Coincident Experiences of General Frémont and Relatives
These are related on pages 69-72 of Recollections of Elizabeth Benton Frémont, Daughter of the Pathfinder General John C. Frémont and Jessie Benton Frémont His Wife.
After describing a terrible experience of her father and his men in 1853, while crossing the Wahsatch Mountains, and their rescue from starvation by reaching Parowan, Utah, Miss Benton goes on:
"That night my father sat by his campfire until late in the night, dreaming of home and thinking of the great happiness of my mother. Could she but know that he was safe! Finally he returned to his quarters in the town only a few hundred yards away from the camp. The warm bright room, the white bed with all suggestion of shelter and relief from danger made the picture of home rise up like a real thing before him, and at half-past eleven at night he made an entry in his journal, putting there the thought that had possession of him and that my mother in far away Washington might know that all danger was past and that he was safe and comfortable.

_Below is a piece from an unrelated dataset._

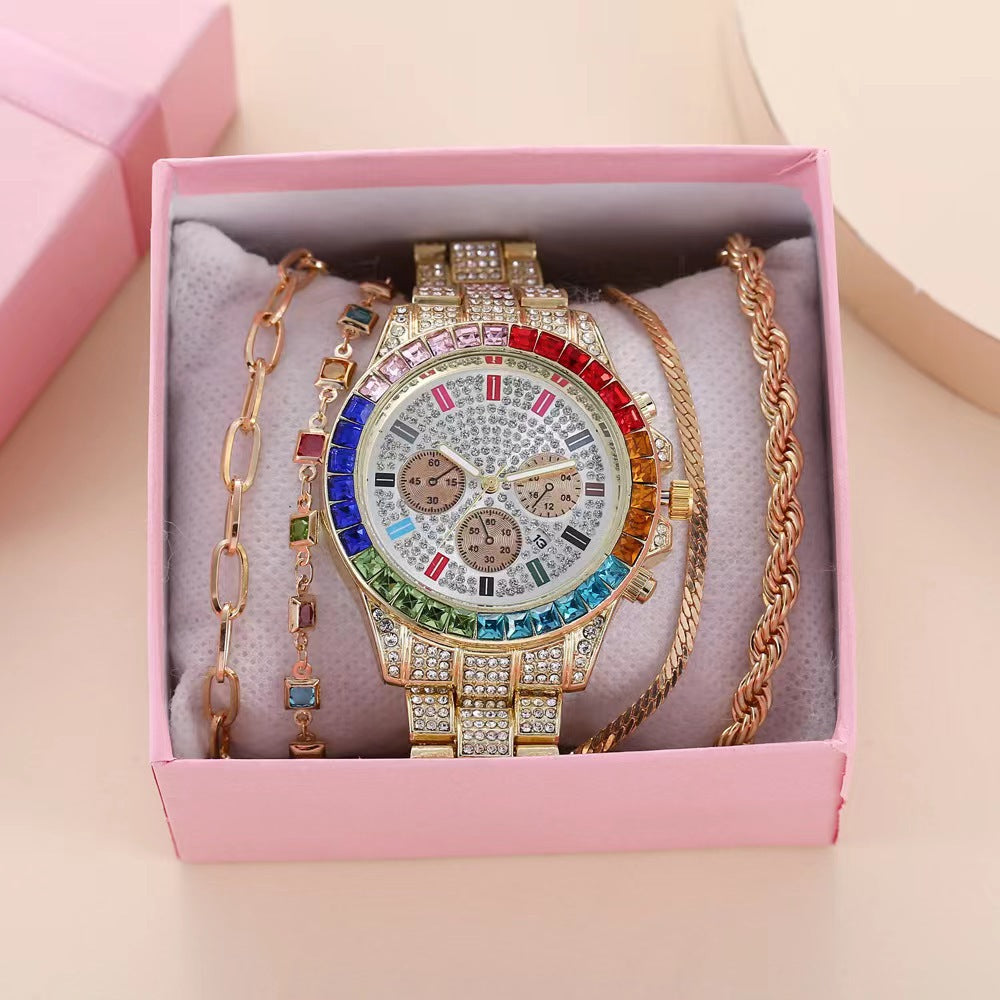 Montre Femme Acier Diamant Calendrier – Quartz Luxe Élégant Premium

"All this is a prelude to a most uncommon experience which befell my mother in our Washington home on the night in question. We could not possibly hear from father at the earliest until midsummer. Though my mother went into society but little that year, there was no reason for gloomy forebodings. The younger members of the family kept her in close touch with the social side of life, while her father, whose confidant she always was, kept her informed as to the political events of the moment. Her life was busy and filled with her full share of its responsibilities. In midwinter, however, my mother became possessed with the conviction that my father was starving, and no amount of reasoning could calm her fears. The idea haunted her for two weeks or more, and finally began to leave its physical effects upon her. She could neither eat nor sleep; open-air exercise, plenty of company, the management of a household, all combined, could not wean her from the belief that father and his men were starving in the desert.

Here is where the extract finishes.